Excerpted records >>

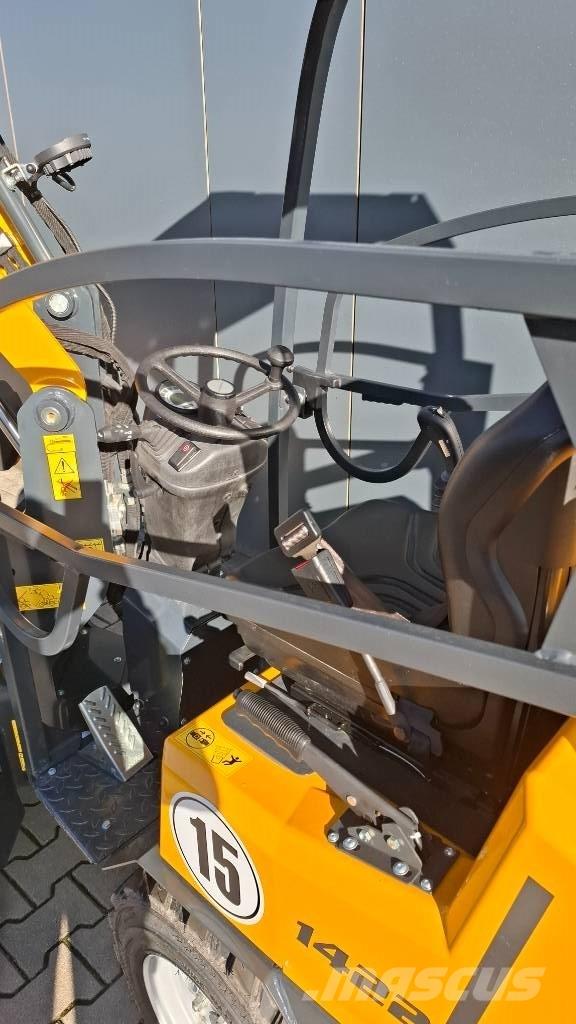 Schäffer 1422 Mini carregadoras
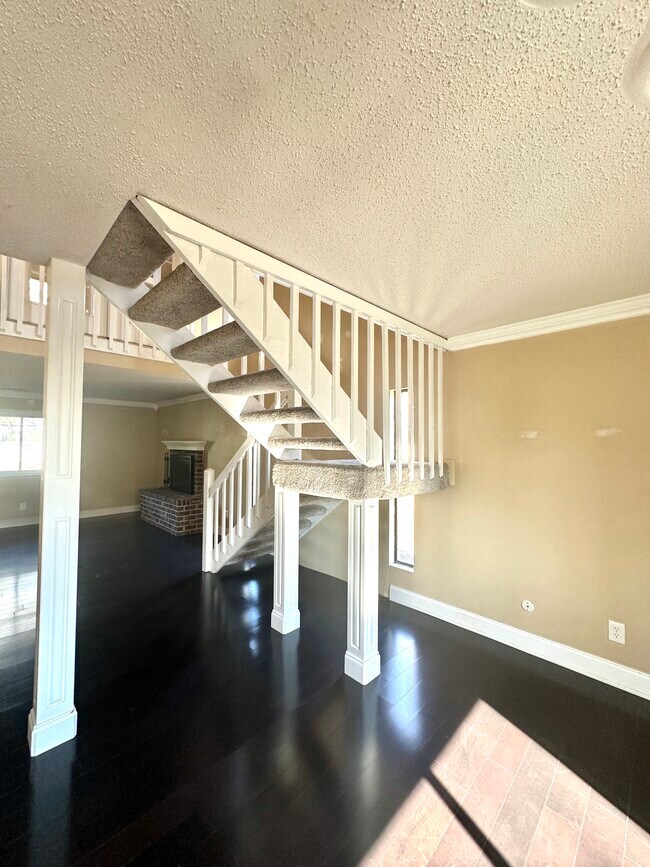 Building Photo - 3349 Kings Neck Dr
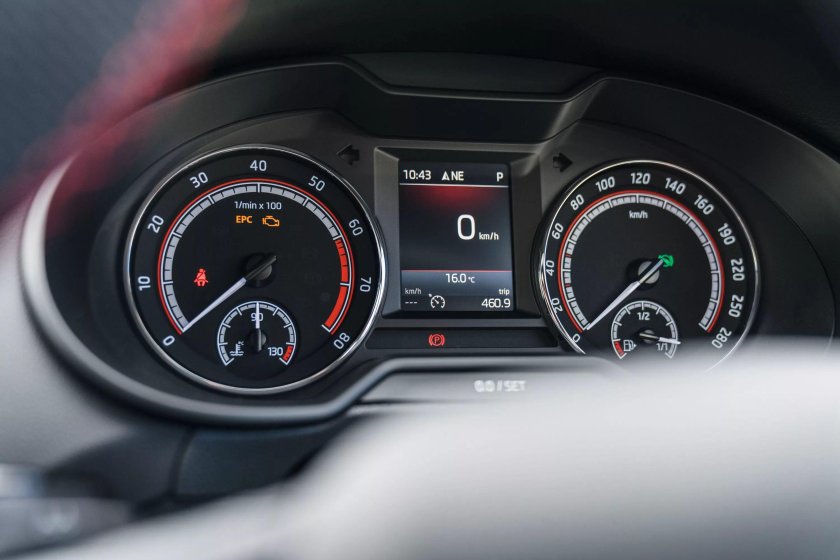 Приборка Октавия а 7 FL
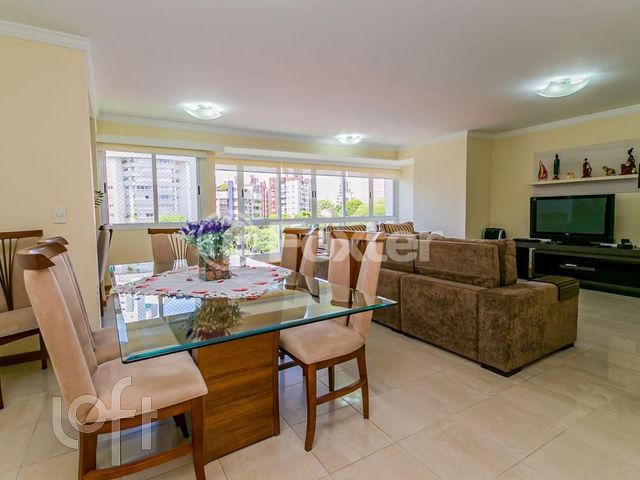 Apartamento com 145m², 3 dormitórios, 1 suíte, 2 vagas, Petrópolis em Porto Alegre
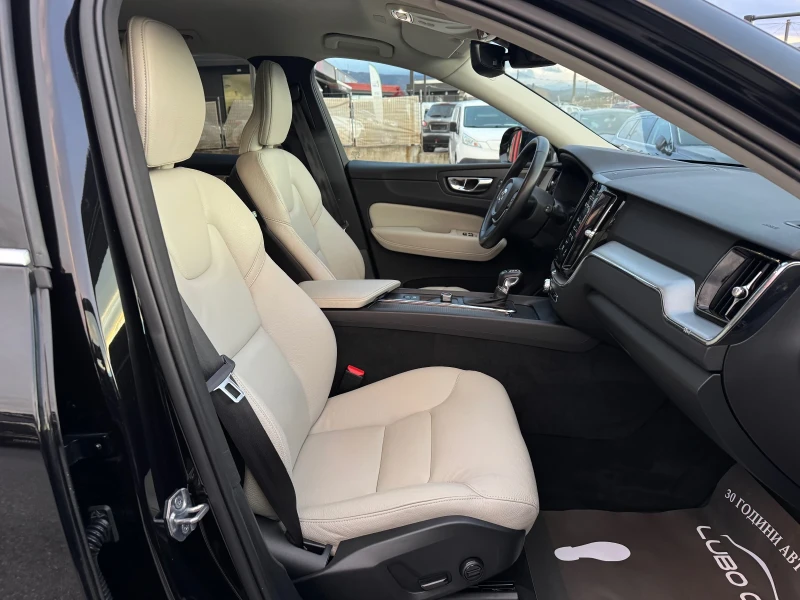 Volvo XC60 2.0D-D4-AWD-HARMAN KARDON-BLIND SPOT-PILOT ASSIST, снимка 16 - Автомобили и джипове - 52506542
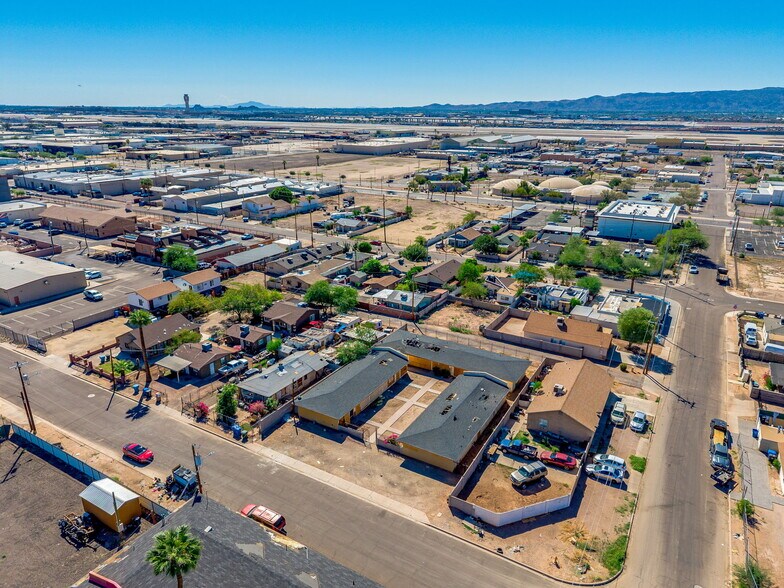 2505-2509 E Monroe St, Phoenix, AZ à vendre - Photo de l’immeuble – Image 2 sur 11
...
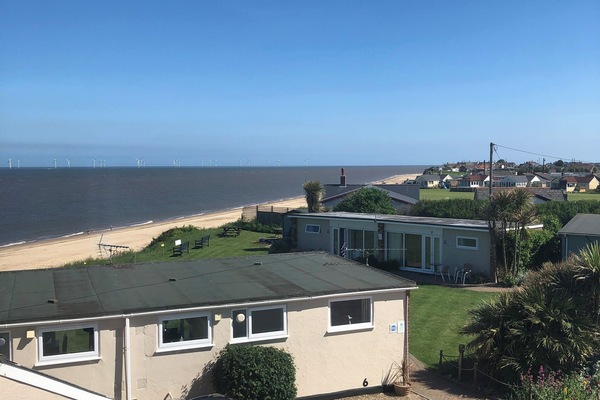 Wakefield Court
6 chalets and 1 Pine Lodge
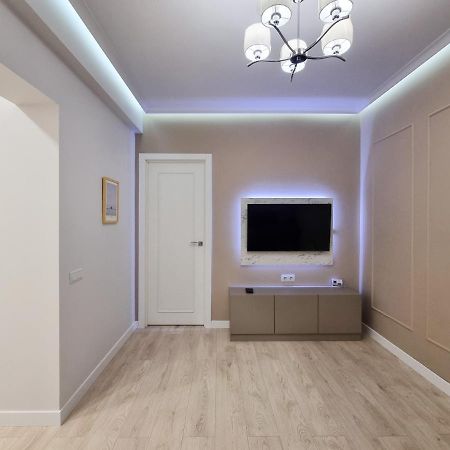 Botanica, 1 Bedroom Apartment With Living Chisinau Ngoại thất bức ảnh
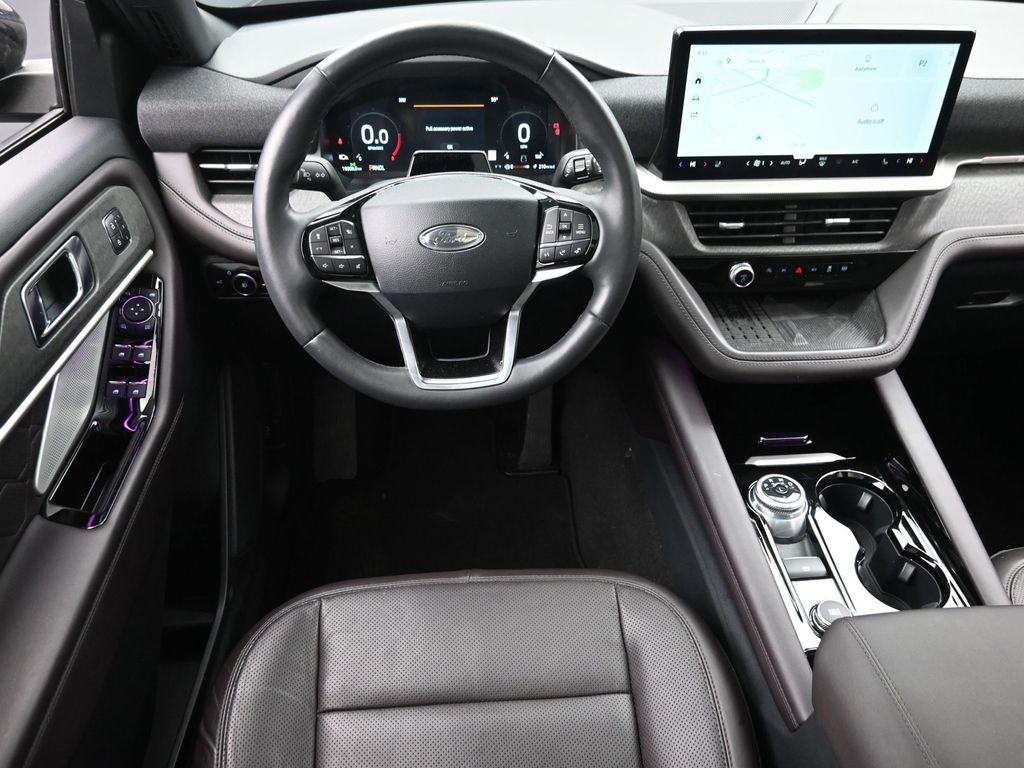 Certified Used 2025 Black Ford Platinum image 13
---
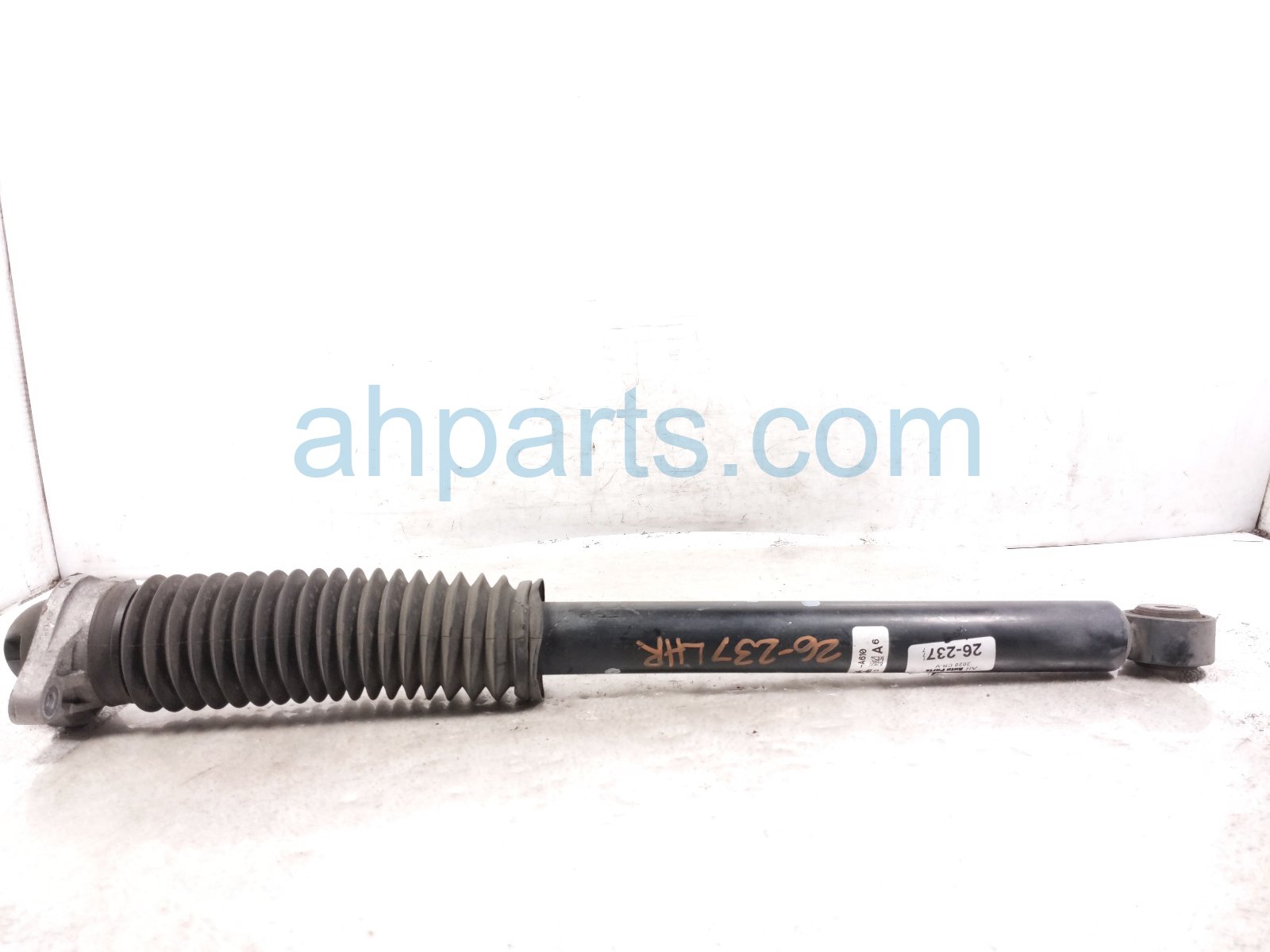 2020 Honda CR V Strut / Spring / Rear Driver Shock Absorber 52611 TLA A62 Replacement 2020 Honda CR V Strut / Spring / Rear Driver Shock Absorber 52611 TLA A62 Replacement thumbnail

Activity >> Print exactly the lines above that run from the one with "Schäffer 1422 Mini carregadoras" down to the one with "2505-2509 E Monroe", and omit the pictures.

Written response >>
 Schäffer 1422 Mini carregadoras
 Building Photo - 3349 Kings Neck Dr
 Приборка Октавия а 7 FL
 Apartamento com 145m², 3 dormitórios, 1 suíte, 2 vagas, Petrópolis em Porto Alegre
 Volvo XC60 2.0D-D4-AWD-HARMAN KARDON-BLIND SPOT-PILOT ASSIST, снимка 16 - Автомобили и джипове - 52506542
 2505-2509 E Monroe St, Phoenix, AZ à vendre - Photo de l’immeuble – Image 2 sur 11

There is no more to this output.